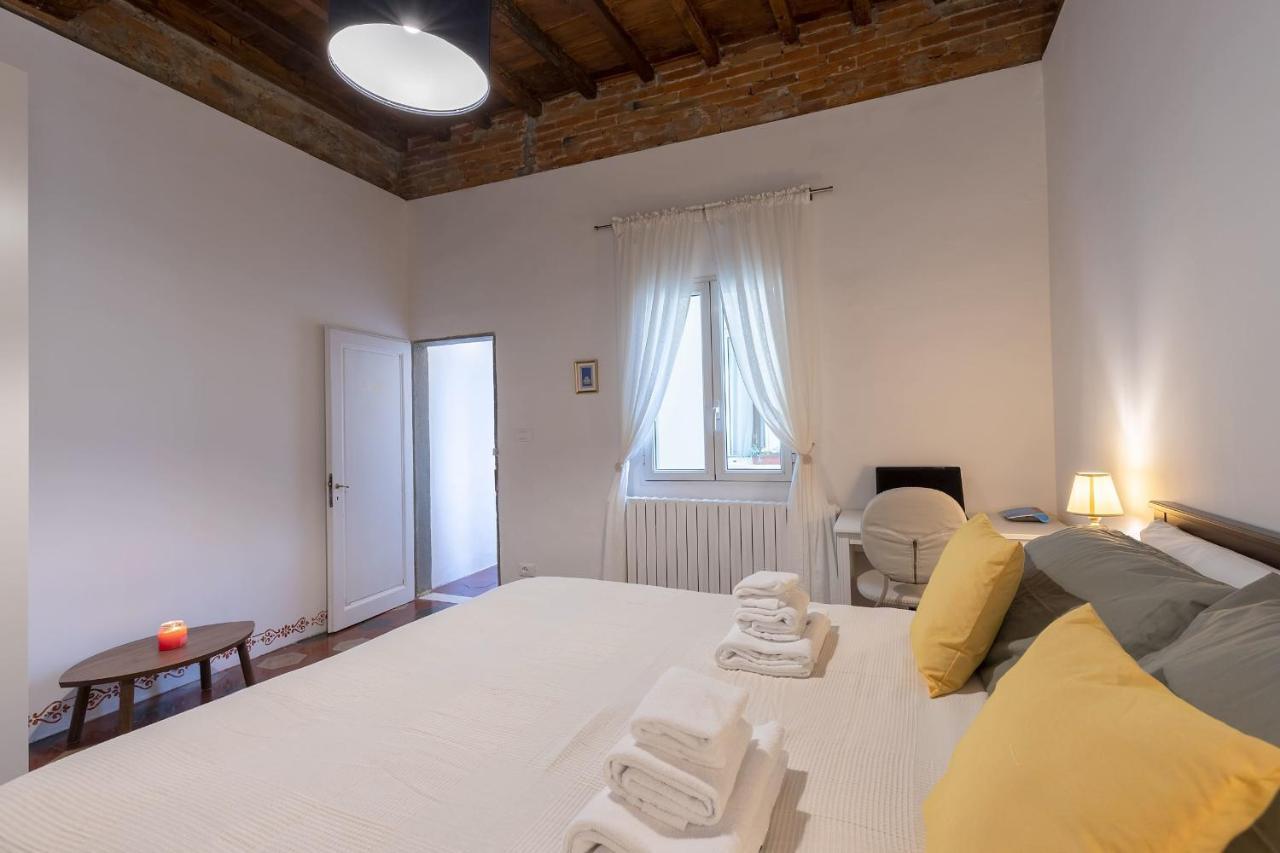 Apartamento Oltrarno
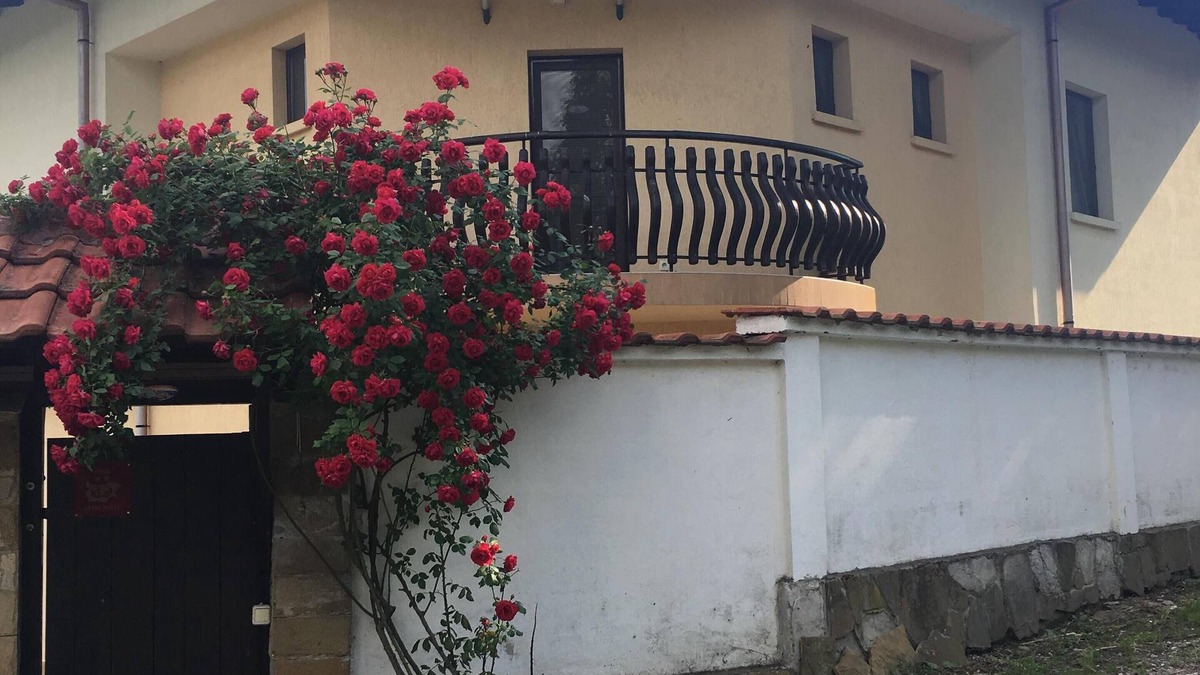 Gabrovo House | Beautiful family mountain home in Tryavna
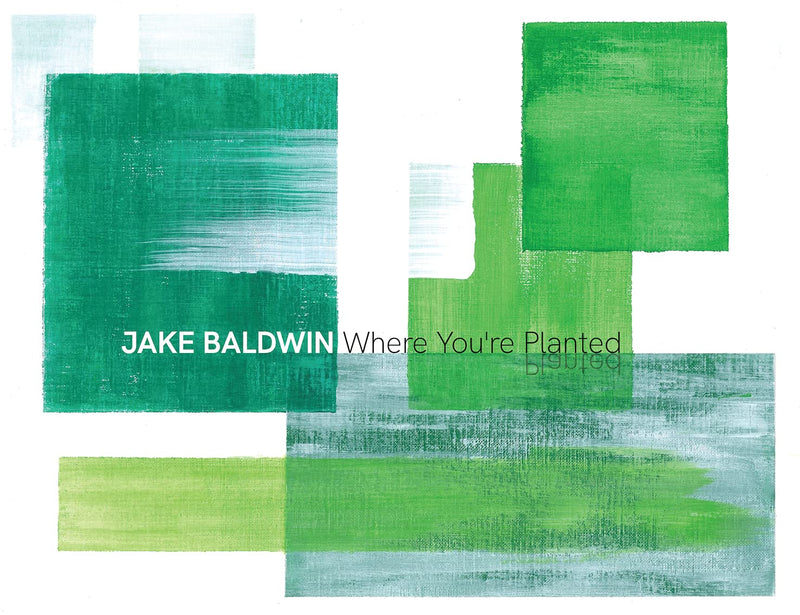 Where You're Planted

━━━━

What is needed here is an exact repetition of the listing above, pictures excluded.

ANSWER SECTION:
 Apartamento Oltrarno
 Gabrovo House | Beautiful family mountain home in Tryavna
 Where You're Planted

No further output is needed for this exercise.